Google posted what I think is an important technical paper on the arXiv service. The write up is “Towards Realistic Synthetic User-Generated Content: A Scaffolding Approach to Generating Online Discussions.” The paper has six authors and presumably has the grade of “A”, a mark not award to the stochastic parrot write up about Google-type smart software.
For several years, Google has been exploring ways to make software that would produce content suitable for different use cases. One of these has been an effort to use transformer and other technology to produce synthetic data. The idea is that a set of real data is mimicked by AI so that “real” data does not have to be acquired, intercepted, captured, or scraped from systems in the real-time, highly litigious real world.

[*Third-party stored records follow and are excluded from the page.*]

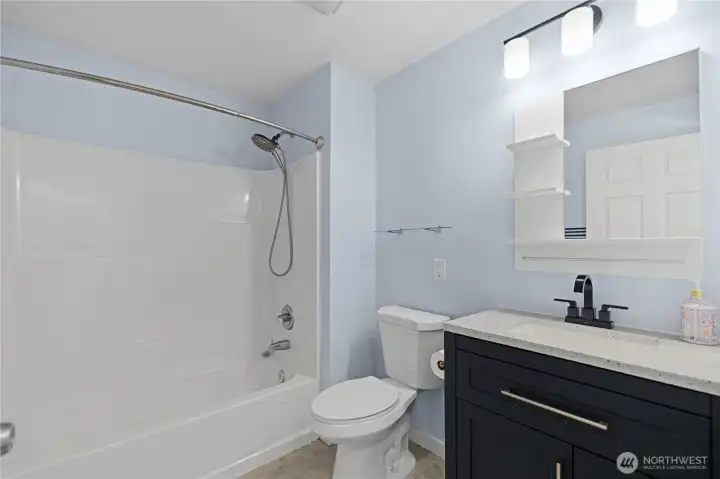 Beautifully updated full bath with clean finishes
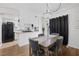 A dining area features a chandelier, wood table, padded chairs and dark curtains at 526 Sellers Pl, Henderson, NV 89011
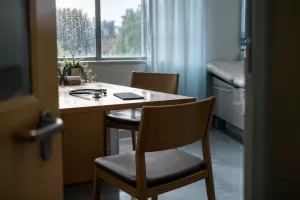 Empty consultation room for fictional MHRA AI healthcare public views 2026 editorial photograph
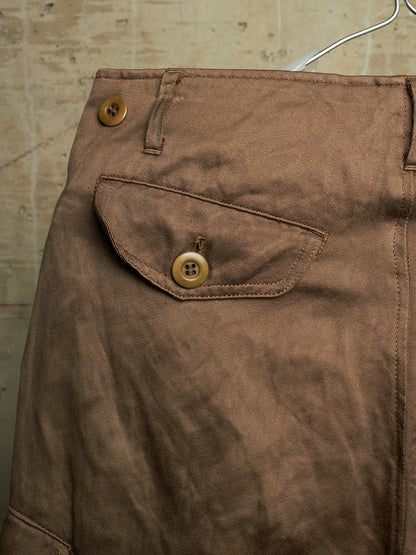 Close-up of brown fabric clothing hanging on a hanger, showing a buttoned flap pocket and belt loops against a textured beige wall.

I am not going to slog through the history of smart software and the research and application of synthetic data. If you are curious, check out Snorkel and the work of the Stanford Artificial Intelligence Lab or SAIL.
The paper I referenced above illustrates that Google is “close” to having a system which can generate allegedly realistic and good enough outputs to simulate the interaction of actual human beings in an online discussion group. I urge you to read the paper, not just the abstract.
Consider this diagram (which I know is impossible to read in this blog format so you will need the PDF of the cited write up):
The important point is that the process for creating synthetic “human” online discussions requires a series of steps. Notice that the final step is “fine tuned.” Why is this important? Most smart software is “tuned” or “calibrated” so that the signals generated by a non-synthetic content set are made to be “close enough” to the synthetic content set. In simpler terms, smart software is steered or shaped to match signals. When the match is “good enough,” the smart software is good enough to be deployed either for a test, a research project, or some use case.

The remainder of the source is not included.